Fermanagh school support staff go on strike

THOUSANDS of non-teaching staff in the Education Authority (EA) across the North took strike action on Monday.
It was the first of three days of industrial action. The Unite, GMB and Nipsa trade unions have notified employers of two further strike dates on June 3 and 4.
In Fermanagh, workers walked out as part of a long-running dispute over pay and job grading.
The Education Authority (EA) said the strike action would “cause significant disruption” to special schools.
It said about eight schools were expected to close and five to partially close, and would result in about 250 EA (yellow) buses not running. It would also impact about 20 per cent of children entitled to a free school meal.

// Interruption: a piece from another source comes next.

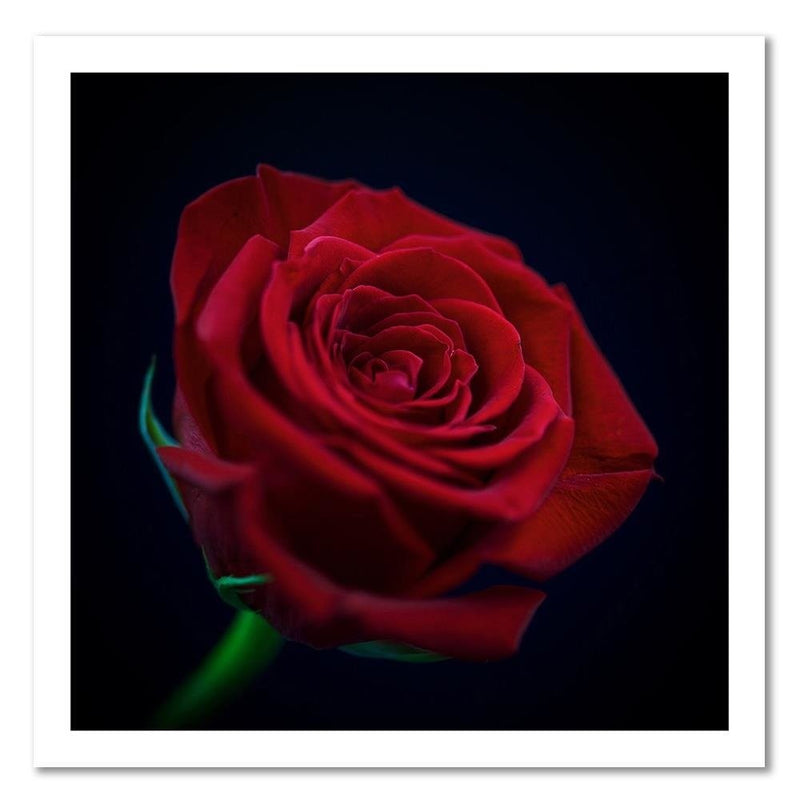 Deco panel print, Red rose in the dark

Only a pay and grading review would lead to improved pay scales and wages.
“School support workers in Northern Ireland have been left behind – they are underpaid, suffering a staffing crisis and the equality issues at the root of the pay and grading review remain unaddressed,” Unite general secretary Sharon Graham said.
“Our members working as school support workers have the full and continued backing of Unite in their fight to secure implementation of this long overdue review.”
School support staff are among the lowest paid in the education system.
Some jobs for classroom assistants are currently advertised by the EA at about £12 per hour.
Jobs for school bus drivers and catering staff are available at roughly the same hourly rate.
“We are calling on MLAs to sign a pledge that they will vote down any budget that does not include funding to deliver the pay and grading review,” Unite regional officer Kieran Ellison said.
“After six years of waiting, education workers in Northern Ireland have had enough. MLAs must now deliver for low-paid school support workers and the children, including special educational needs children, they assist.”
It now comes down to the 2024/25 Stormont budget.
“We remain fully committed to delivering the pay and grading review,” an EA statement said.
“However, we simply don’t have the money to proceed at this time and a resolution is outside of our control.”